## [WHAT IS REQUIRED]
The records are to be repeated exactly, and any images in them are to be dropped.

## [SUPPLIED MATERIAL]
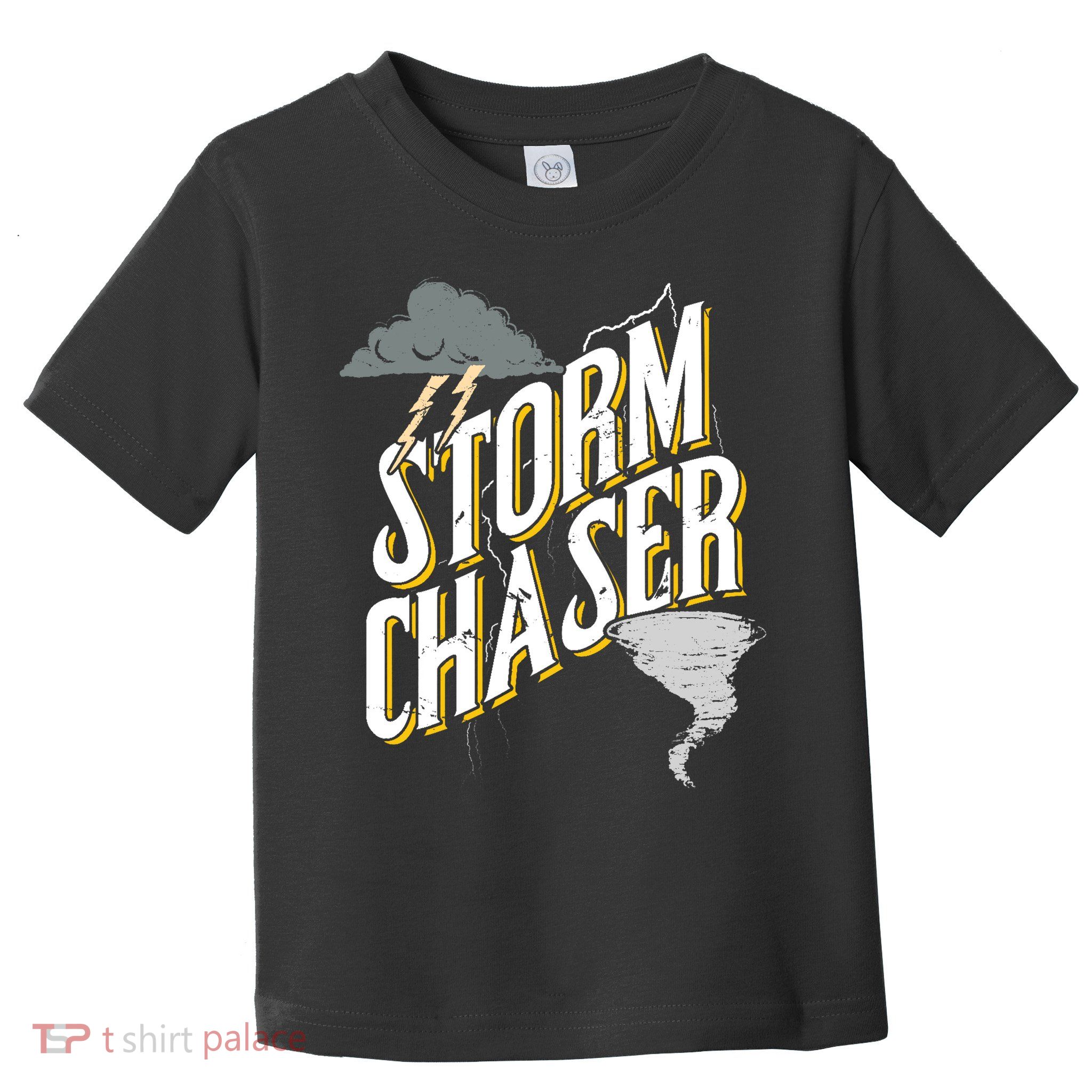 Storm Chaser Lightning | Tornado Hurricane | Storm Chasing Toddler T-Shirt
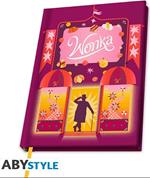 Wonka - A5 Notebook Dreams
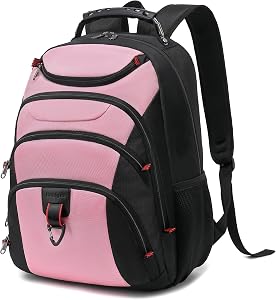 Laptop Backpacks for Men Women Waterproof, Anti Theft, TSA, USB Compartments Students Business Travel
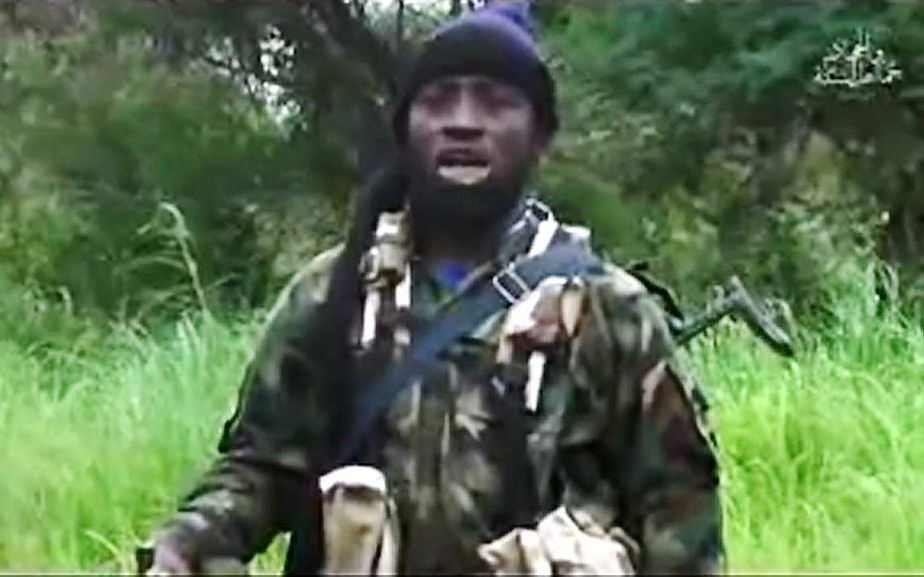 Abubakar Shekau. beeld AFP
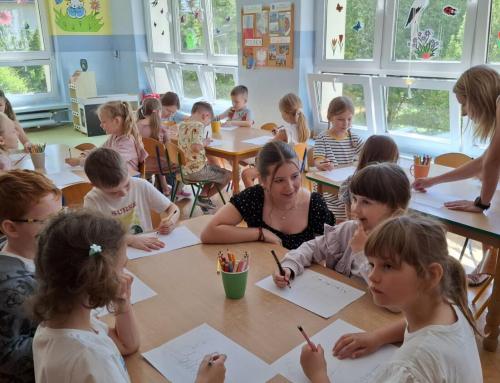 Dziś odwiedziliśmy Bajkową Trójeczkę, czyli Przedszkole nr 3😀W ramach akcji Cała Polska czyta dzieciom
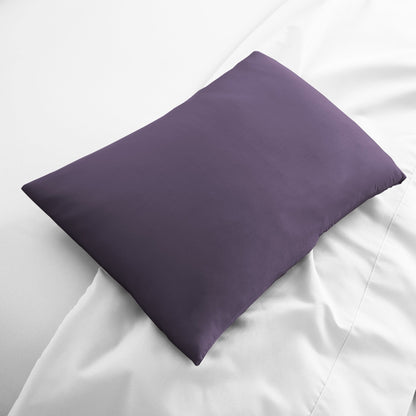 Bamboo is Better Cooling Bamboo Travel Pillowcase, Royal Purple – product shot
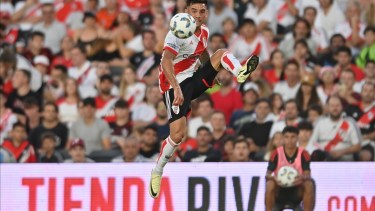 River se mide ante Independiente Rivadavia este miércoles a partir de las 21.30.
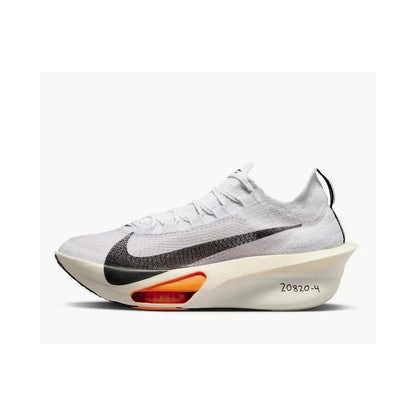 Nike Air Zoom Alphafly Next 3 White Black Phantom Total Orange Running Sneakers [alphafly-visual-scale-v3]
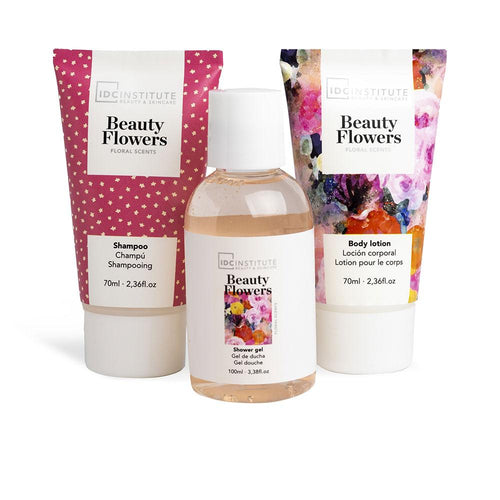 Idc Institute Beauty Flowers Set Da Viaggio Cosmetico Compagno Di Viaggio Supremo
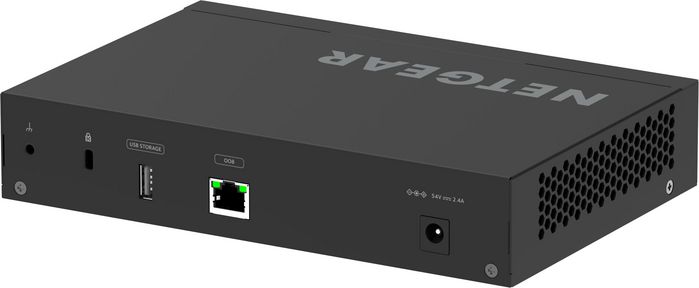 Netgear GSM4210PD Switch 8 ports Gigabit PoE+ 110W pour Audio-Vidéo sur IP, montage versatile, configuration simplifiée
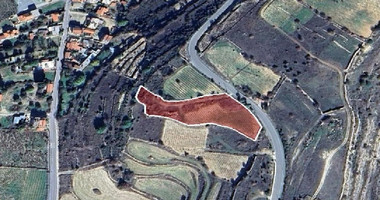 1/4 Undivided Share of Residential Land for Sale in Pachna Village, Limassol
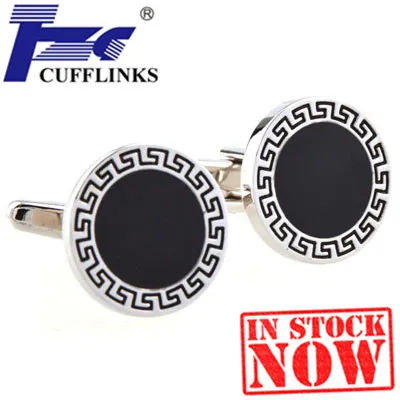 

TZG10200 Enamel Epoxy Cufflink Cuff Link 2 Pairs Free Shipping Promotion
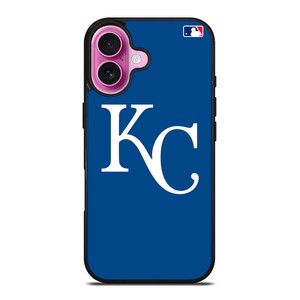 KANSAS CITY ROYALS MLB LOGO iPhone 16 Plus Case Cover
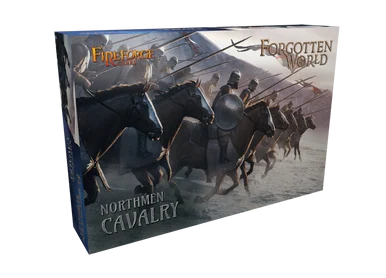 Fireforge Games FWNO03-BS Forgotten World Northmen Cavalry 28mm Figures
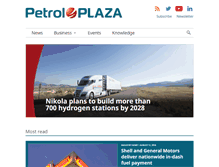 Tablet Screenshot of petrolplaza.com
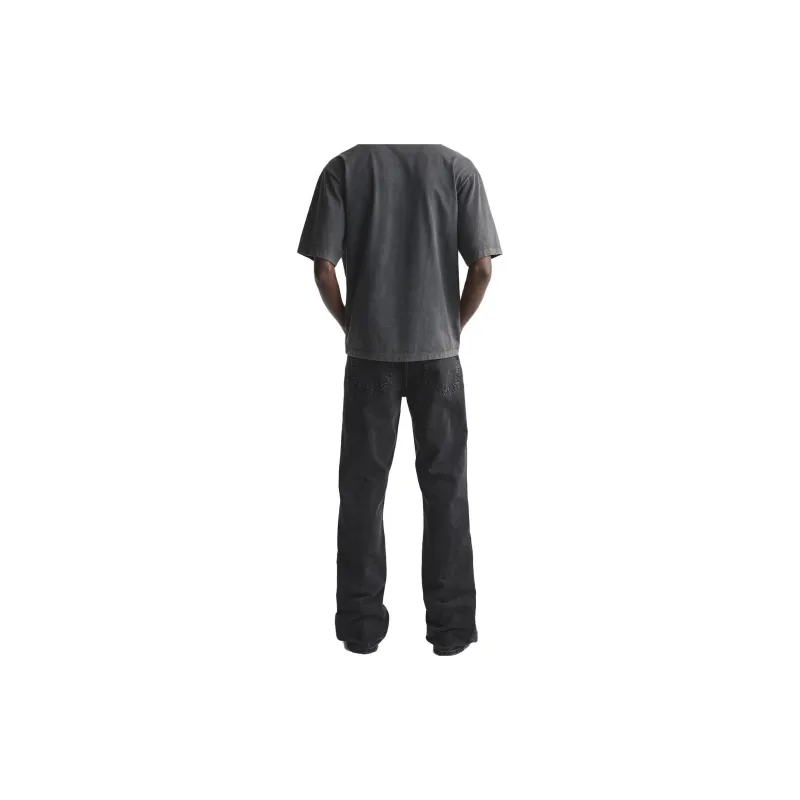 ZARA Jeans Men Black-4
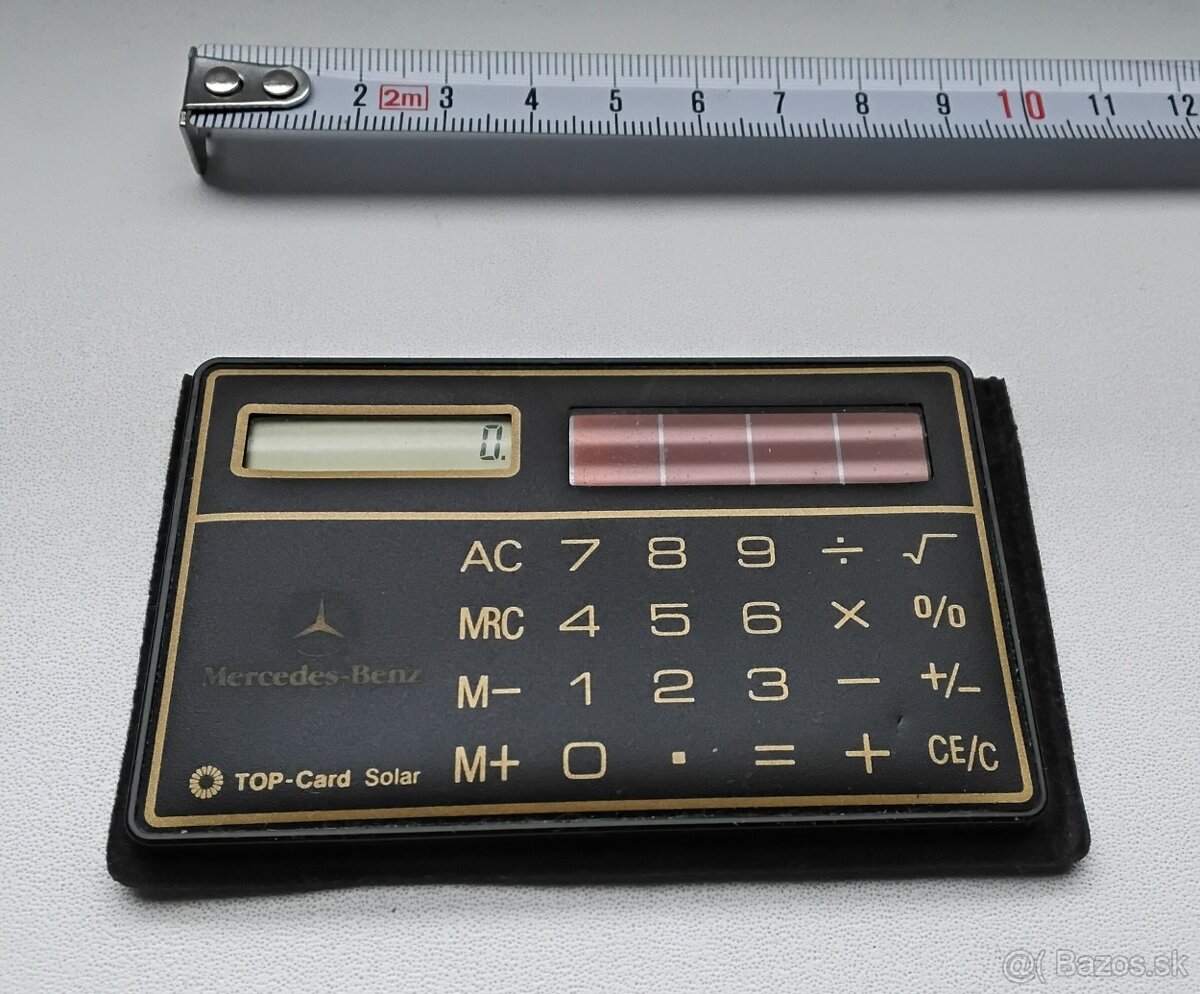Kalkulacka Mercedes Benz RRR - 2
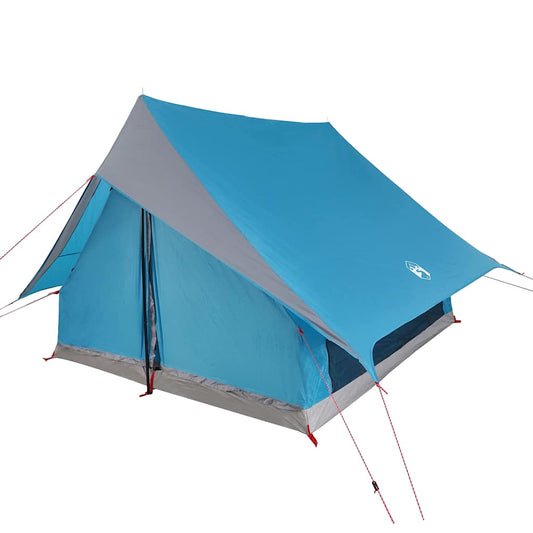 Zelte mit Dach Blau 256 x 266 x 185 cm Polyester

## [EXPECTED ANSWER]
 Storm Chaser Lightning | Tornado Hurricane | Storm Chasing Toddler T-Shirt
 Wonka - A5 Notebook Dreams
 Laptop Backpacks for Men Women Waterproof, Anti Theft, TSA, USB Compartments Students Business Travel
 Abubakar Shekau. beeld AFP
 Dziś odwiedziliśmy Bajkową Trójeczkę, czyli Przedszkole nr 3😀W ramach akcji Cała Polska czyta dzieciom
 Bamboo is Better Cooling Bamboo Travel Pillowcase, Royal Purple – product shot
 River se mide ante Independiente Rivadavia este miércoles a partir de las 21.30.
 Nike Air Zoom Alphafly Next 3 White Black Phantom Total Orange Running Sneakers [alphafly-visual-scale-v3]
 Idc Institute Beauty Flowers Set Da Viaggio Cosmetico Compagno Di Viaggio Supremo
 Netgear GSM4210PD Switch 8 ports Gigabit PoE+ 110W pour Audio-Vidéo sur IP, montage versatile, configuration simplifiée
 1/4 Undivided Share of Residential Land for Sale in Pachna Village, Limassol

TZG10200 Enamel Epoxy Cufflink Cuff Link 2 Pairs Free Shipping Promotion
 KANSAS CITY ROYALS MLB LOGO iPhone 16 Plus Case Cover
 Fireforge Games FWNO03-BS Forgotten World Northmen Cavalry 28mm Figures
 Tablet Screenshot of petrolplaza.com
 ZARA Jeans Men Black-4
Kalkulacka Mercedes Benz RRR - 2
 Zelte mit Dach Blau 256 x 266 x 185 cm Polyester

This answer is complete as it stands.